Daria Nazarova et Polina Muzyka, nos coups de cœur de la semaine, nous parlent de quête identitaire et de leur Russie natale, qu’elles ont quittée pour des raisons politiques. Si la première trouve dans la photographie la force de revenir à ses racines, la seconde compose des récits érotiques pour revendiquer la liberté et comprendre la matérialité des corps.
Daria Nazarova
Daria Nazarova est née en Russie. Grandissant dans une maisonnée créative, elle réalise, alors qu’elle a 18 ans, que « la photographie était le meilleur moyen d’exprimer ses émotions et ses idées ». Elle commence par capturer ses ami·es, sa famille, son environnement proche, puis s’en va pour étudier le médium dans une université de Saint-Pétersbourg. Or, la Russie n’est pas, à ce jour, un pays accueillant pour les artistes. « Les circonstances politiques mais aussi ma curiosité m’ont conduite en Géorgie », confie la photographe.
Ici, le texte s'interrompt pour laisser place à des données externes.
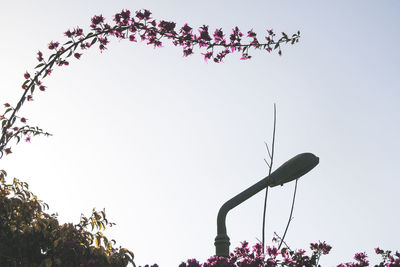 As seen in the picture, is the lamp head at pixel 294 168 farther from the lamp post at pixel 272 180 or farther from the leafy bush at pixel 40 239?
the leafy bush at pixel 40 239

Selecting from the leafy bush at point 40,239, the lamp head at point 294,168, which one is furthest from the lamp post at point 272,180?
the leafy bush at point 40,239

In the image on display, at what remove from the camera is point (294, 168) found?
150 inches

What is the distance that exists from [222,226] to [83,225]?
2.34 m

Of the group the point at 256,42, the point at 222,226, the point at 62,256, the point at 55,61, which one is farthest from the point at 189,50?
the point at 62,256

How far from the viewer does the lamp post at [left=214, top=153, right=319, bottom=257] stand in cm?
362

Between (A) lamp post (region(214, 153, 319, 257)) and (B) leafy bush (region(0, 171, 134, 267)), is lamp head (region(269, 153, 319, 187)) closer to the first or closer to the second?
(A) lamp post (region(214, 153, 319, 257))

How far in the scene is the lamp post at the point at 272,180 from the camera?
362 centimetres

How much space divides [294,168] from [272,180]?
236mm

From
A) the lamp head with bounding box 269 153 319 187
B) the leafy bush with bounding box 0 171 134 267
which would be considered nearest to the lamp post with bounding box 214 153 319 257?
the lamp head with bounding box 269 153 319 187

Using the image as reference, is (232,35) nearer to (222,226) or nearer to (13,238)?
(222,226)

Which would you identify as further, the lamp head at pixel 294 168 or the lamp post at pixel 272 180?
the lamp head at pixel 294 168

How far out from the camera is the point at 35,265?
4.49 meters

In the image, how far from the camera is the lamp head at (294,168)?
12.4 ft

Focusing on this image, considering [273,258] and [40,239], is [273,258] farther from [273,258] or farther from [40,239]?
[40,239]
Là-bas, son attention artistique se porte sur l’identité, l’appartenance et les liens entre les générations, les personnes et les lieux. « Je suis attirée par les endroits inconnus, les communautés fermées et l’exploration de mondes qui existent à côté du nôtre, mais qui sont souvent cachés », révèle-t-elle. En Géorgie, elle travaille d’abord comme modèle pour des sculpteur·ices – pour interagir avec les locaux·ales, mais surtout « pour fuir ou pour transformer mon identité, en effaçant la douleur causée par la guerre et l’émigration », avoue Daria Nazarova. Sa pratique photographique lui offre un espace d’expression personnelle. Elle dessine des toiles de ses propres expériences. « J’ai commencé à me comprendre plus profondément et à devenir plus forte, en embrassant plutôt qu’en rejetant mon passé et mes racines. Je peux surmonter les traumatismes », conclut l’autrice.
Polina Muzyka
La photographie de Polina Muzyka est transgressive, érotique et puissante. L’artiste russe exilée vagabonde sur les canapés de ses ami·es en Europe et explore la nudité, le sexe, la féminité et la réalité corporelle telle une arme contre le régime de Poutine. « Comme l’a noté le célèbre activiste Anton Nikolaev, la sexualité est le dernier bastion de la liberté. Lorsque les autorités s’emparent de l’érotisme et de la sexualité, c’est fini. C’est l’un des signes les plus évidents d’une dictature », soutient-elle. En 2013, la Russie passe une loi interdisant la « propagande LGBTQIA+ ». En 2023, elle s’en prend au mouvement queer international. Face à la censure, Polina Muzyka compose avec des modèles un univers coloré, luxurieux, sensuel et provocateur. Son travail, au-delà d’être un acte militant formant des « images pour le futur », est aussi l’occasion pour elle d’entrer en contact avec la matière et l’éros. « Au sens psychanalytique, je ne vois pas l’existence de mon corps et je ne suis pas capable d’intimité avec quelqu’un », confie la photographe. Ainsi, à travers ces images, elle côtoie ce monde voluptueux qu’elle ne peut connaître de manière personnelle.